[WG: Accessibility] [DG: User Experience] UX review process ?

Eli Cochran eli at media.berkeley.edu
Fri May 28 12:17:31 PDT 2010


I think that Ian has really hit on something that I've been wondering about for a while. 

But as I reread Ian's original question, I'm not really sure who's being asked and what's being asked for, UX review, technical review, something else?

So... and I don't intend to sound critical or snarky:

	- What are the artifacts that require feedback at this time?
	- What level of feedback is required? (What do you need to know?)

And more specifically, at this point in the design and development of Sakai 3, who is being asked for feedback? In terms of review are you asking the general Sakai community, the more specific Sakai UX community, or the very specific and immediate Sakai 3 R&D team?

I think that there are a lot of folks in the Sakai community who would, could and *should* give feedback on the designs.

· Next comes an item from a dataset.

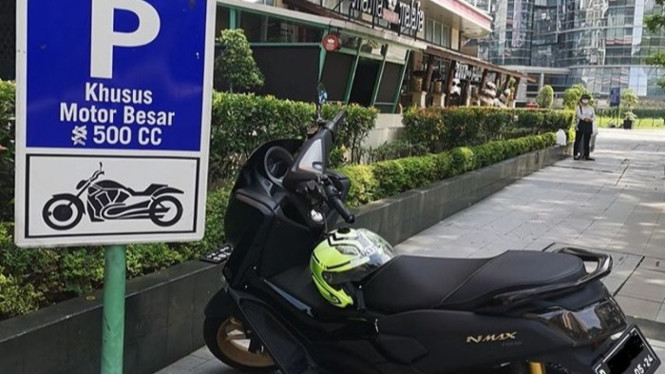 Yamaha NMAX berasa moge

But given the current process, or lack there of, I suspect that general feedback from the greater community would be disruptive and slow down the process, or lack there of. 

But I hope that as we move towards a larger project with contributions from a greater number of institutions, we find clarity about what feedback looks like, who it's for, who does it, and how it's done. (In a way that still maintains a high level of development velocity.)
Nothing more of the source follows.